NOBLE & ORRICK, for appellants: The bank is chargeable with fraudulent acts and representations done and made for the purpose of effecting the sale.-- Bank v. Peck, 29 Conn. 384; Wannall v. Kem, 57 Mo. 478; Bank v. Gregg, 14 N. H. 331; Hatch v. Taylor, 10 N. H. 538. If representations of the character set forth in the answer were material, were false, were known to be false, and were made to induce the purchase, and relied on by the purchaser, they avoided the sale.-- Brown v. North, 21 Mo. 528; Joliffe v. Collins, 21 Mo. 338; City Bank v. Phillips, 22 Mo. 85; Irving v. Thomas, 18 Me. 418; McClellan v. Scott, 24 Wis. 81. Misrepresentation need not be made by the party whom it benefits, in order to constitute a fraud as against him.--2 Pars. on Con. *779, *780; Warner v. Daniels, 1 Woodb. & M. 90; Howes v. Delamor, 3 Ired. Eq. 219; Bowen v. Johnson, 10 Smed. & M. 73; Lawrence v. Hand, 23 Miss. 105. It is not necessary to a charge of fraud that the party deceived might have discovered the truth by proper inquiry.-- Central R. Co. v. Kisch, L. R. 2 H. L. 99, 120; Vigers v. Pike, 8 Cl. & Fin. 562, 650; Wilson v. Short, 6 Hose, 366, 375. Contracts made as to banking, in violation of charter, void.-- Downing v. Ringer, 7 Mo. 585; Pelz v. Long, 40 Mo. 532; Carson v. Hunter, 46 Mo. 467; Bank of Lawrence v. Young, 37 Mo. 398; Griffith v. Commonwealth Bank, 4 Mo. 255; 30 Mo. 183; White v. Franklin Bank, 22 Pick. 181; Brown v. Tarkington, 3 Wall. 381. When a contract is prohibited, whether expressly or by implication, it is illegal, and cannot be enforced.-- Beasley v. Bignold, 5 Barn. & Ald. 335; Foster v. Taylor, 5 Barn. & Adol. 887; Cope v. Rowlands, 2 Mee. & W. 149.

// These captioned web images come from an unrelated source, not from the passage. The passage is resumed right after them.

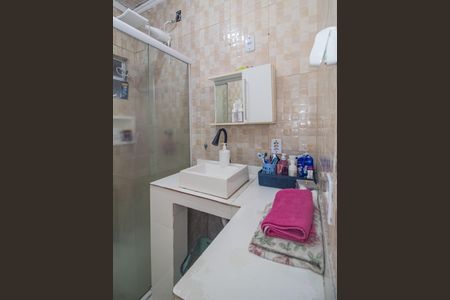 Casa à venda com 300m², 4 quartos e 2 vagas Casa à venda com 300m², 4 quartos e 2 vagasBanheiro Social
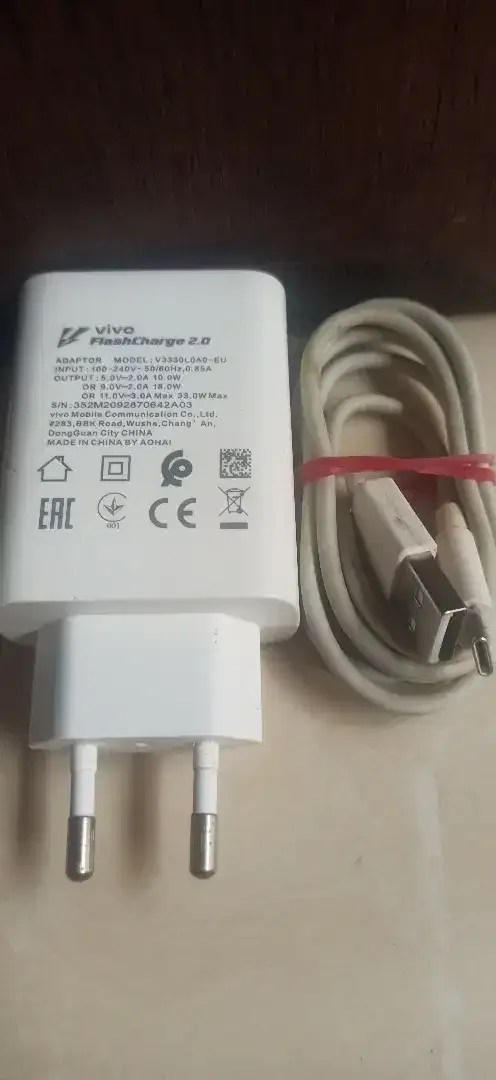 CHARGER BEKAS ASLI BAWAAN VIVO V20 | V21 TIPE C - Image 2 of 3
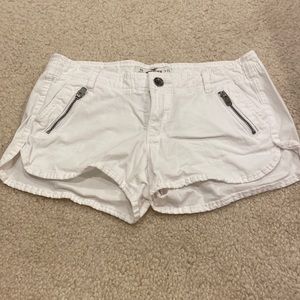 White Low-waisted shorts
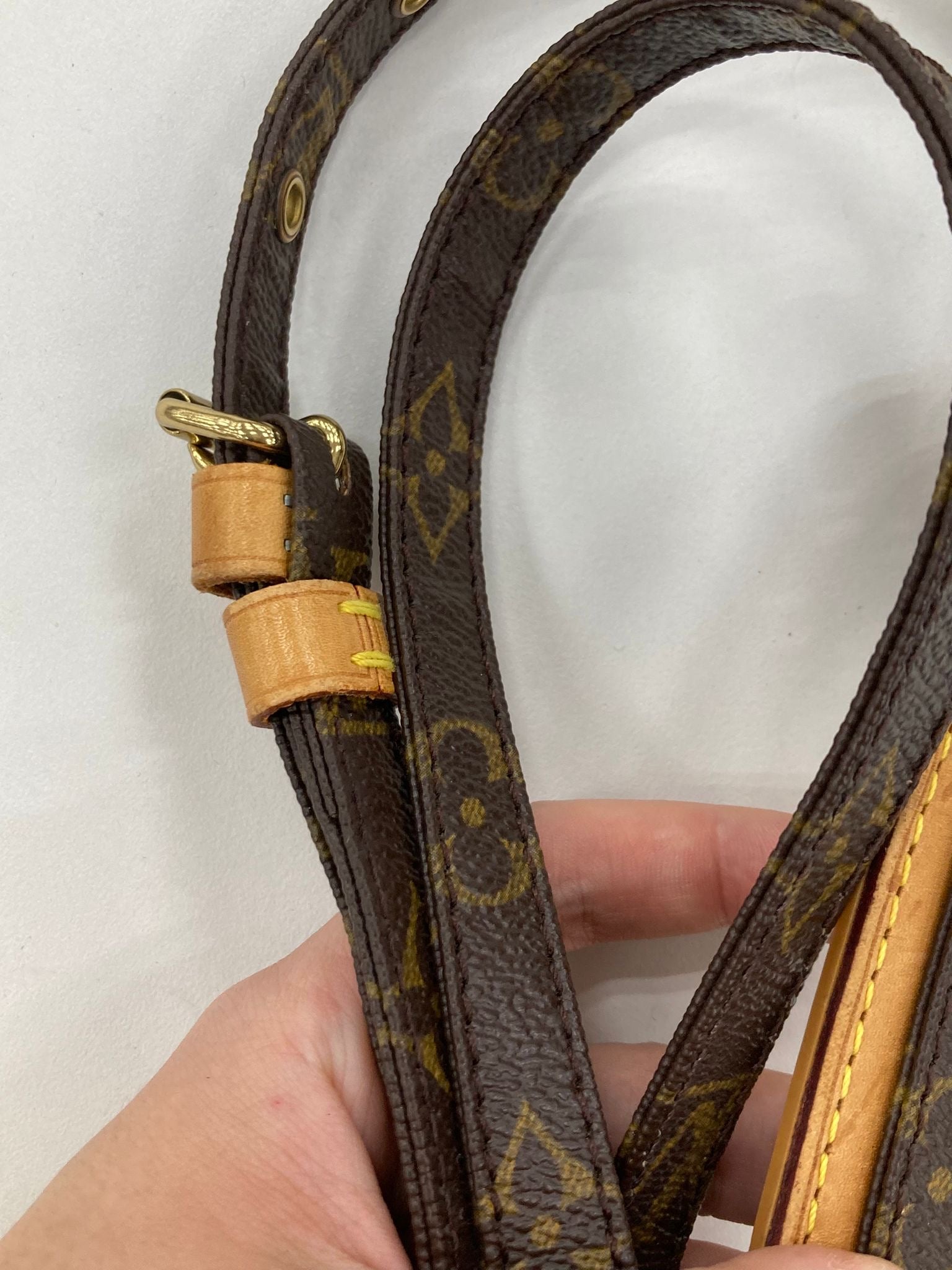 Louis Vuitton Pochette Marly bandolera Monogram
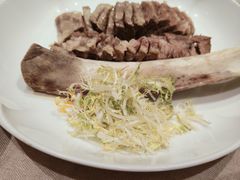 -品悦酒店(三林古镇店)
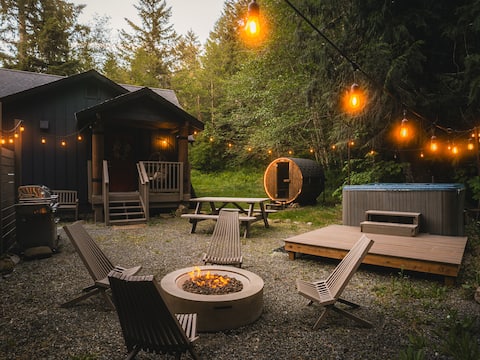 Rainier Forest Cabin · Hot Tub + Sauna · Fire Pit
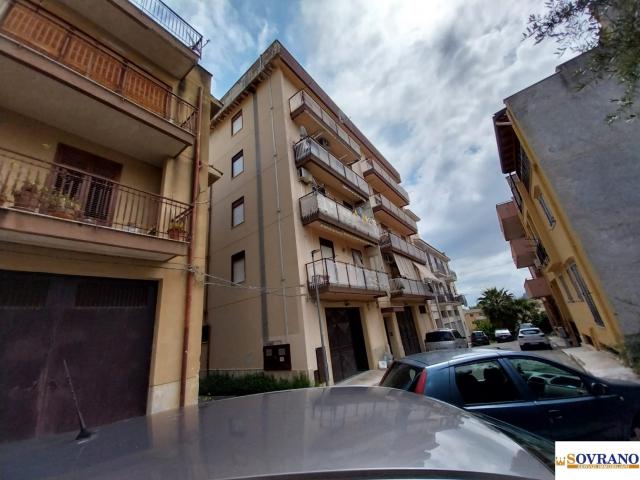 Case - Casteldaccia: panoramico appartamento piano 4°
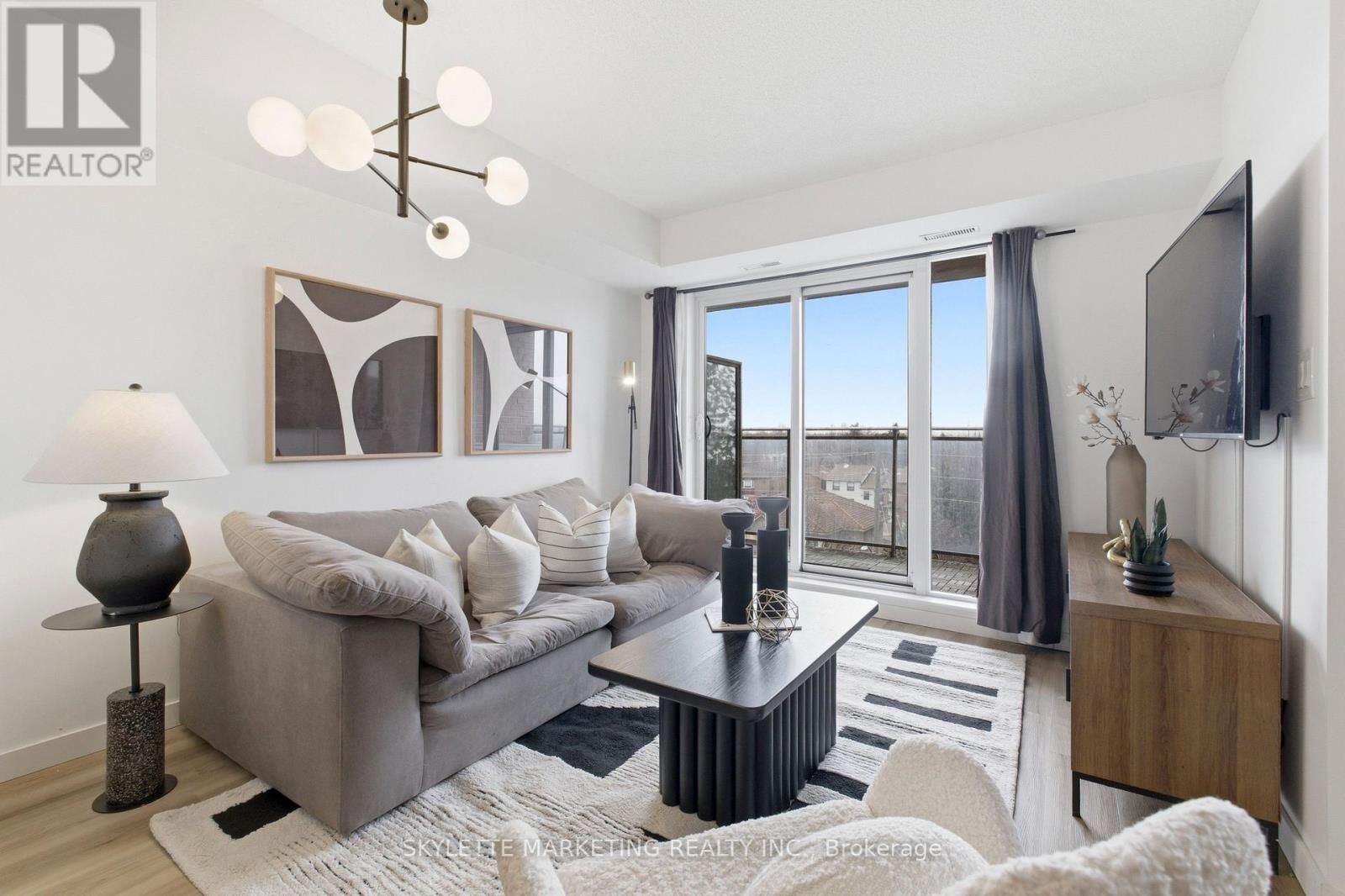 Property Photo: 801 Sheppard Avenue West 701 ON M3H 0A8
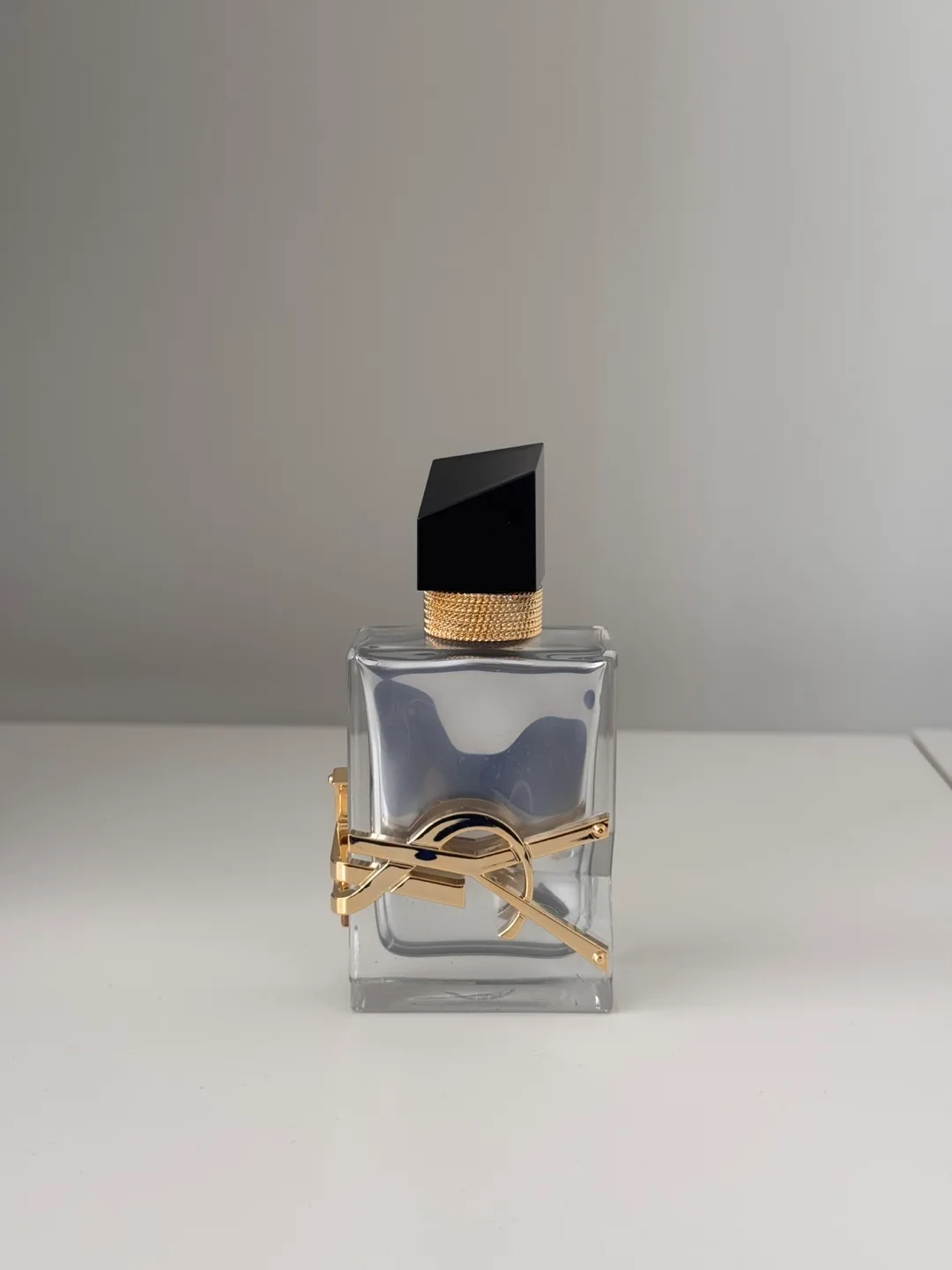 Yves Saint Laurent Libre L'Absolu Platine Perfume 50ml image indicator(2)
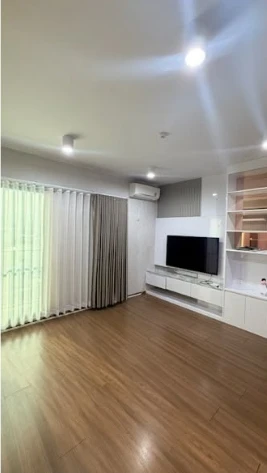 ให้เช่า Ideo Ratchada-Sutthisan 2 ห้องนอน 2 ห้องน้ำ ขนาด 58 ตรม. ชั้น 12 ห้องใหญ่ แต่งสวย Built-in ครบ ย้ายด่วน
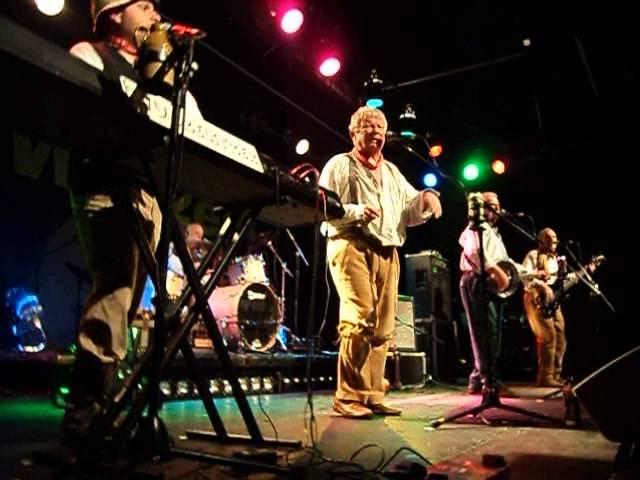 Combine Harvester by The Wurzels (dance version)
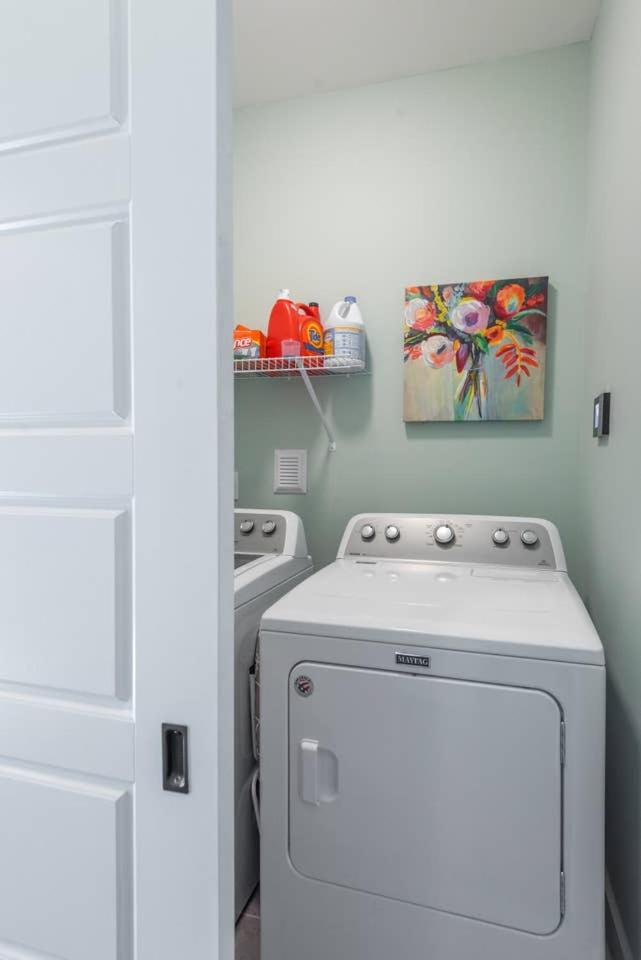 316 E Hudson - The High Tides - Hot Tub - 4 Bedrooms
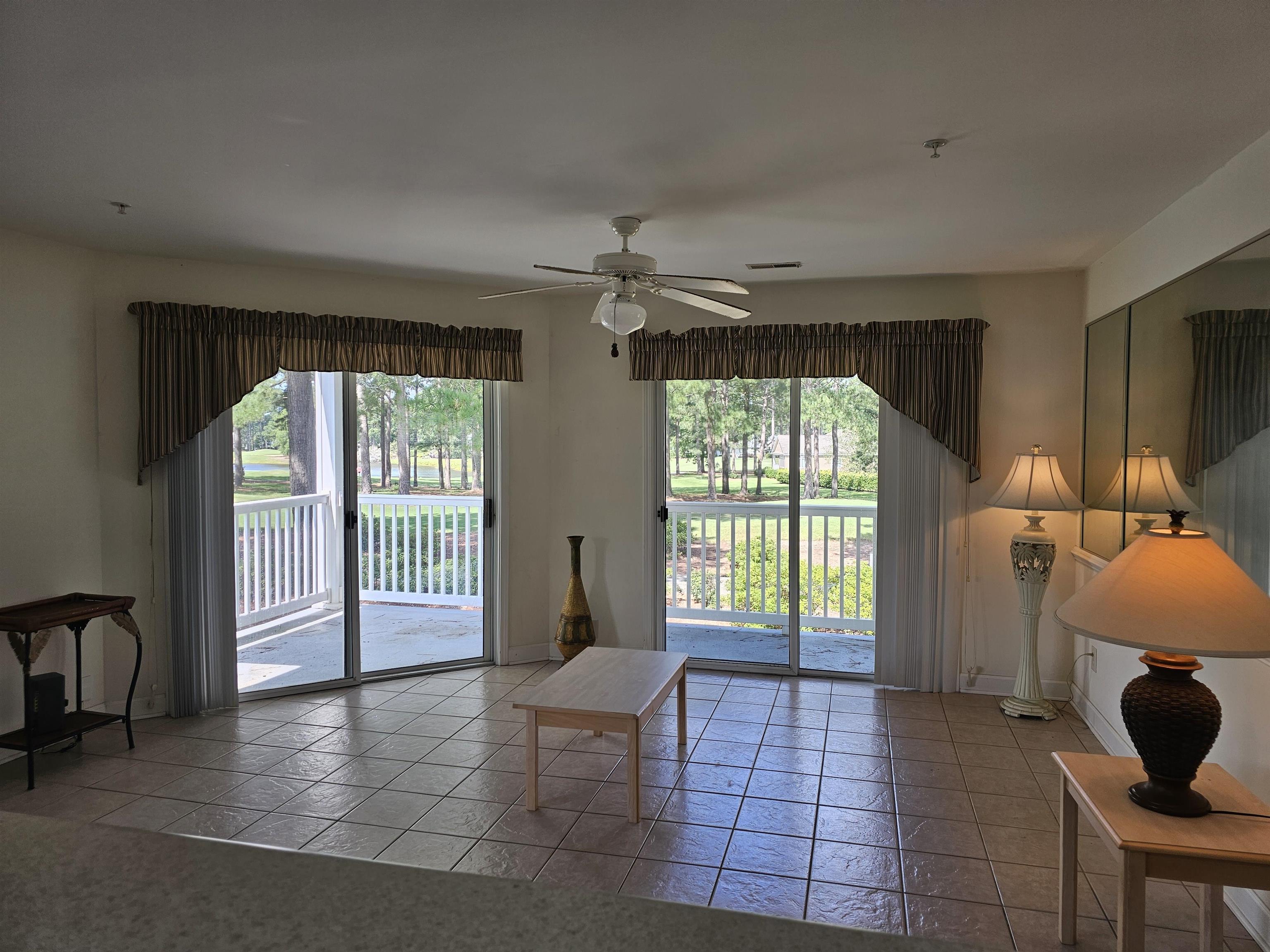 1215 N Middleton Dr. Property Photo 10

JAMES O. BROADHEAD and WILLIAM F. BROADHEAD, for respondent: The purchase of its own stock by the bank, and its sale thereof on credit, taking the stock as collateral to secure the note taken for the stock, is not a violation of the bank's charter, and these facts constitute no defence to an action on the note.-- Steam Nav. Co. v. Weed, 17 Barb. 378; 16 Cal. 255; Bank v. Hammond, 1 Rich. 281; Insurance Co. v. Lanier, 5 Fla. 164; 16 Serg. & R. 144; Little v. O'Brien, 9 Mass. 423; Fleckner v. Bank, 8 Wheat. 338. An abuse of corporate powers in making a contract will not enable the other party to avoid payment under it.-- Insurance Co. v. Insurance Co., 7 Wend. 31; Glass Co. v. Dewey, 16 Mass. 94; Railroad Co. v. Proctor, 29 Vt. 93; Abb. Dig. Corp. 245, sect. 305, referring to 4 Johns. Ch. 370; Silver Lake Bank v. North, 6 Hill, 33; The State v. Woram, 5 Hill, 137; Bank v. The President, 11 Barb. 213. Representations, expressions of opinion, and commendation of the subject of the contract, even if false and groundless, constitute no defence.-- Mooner v. Miller, 102 Mass. 247; Manning v. Albee, 22 Allen, 522. “In order to made a representation a ground for an action of deceit or fraud, or for a defence, it must be shown that it was known to be false, and made with intent to deceive.”-- Peers v. Davis, 29 Mo. 184; 64 Mo. 531.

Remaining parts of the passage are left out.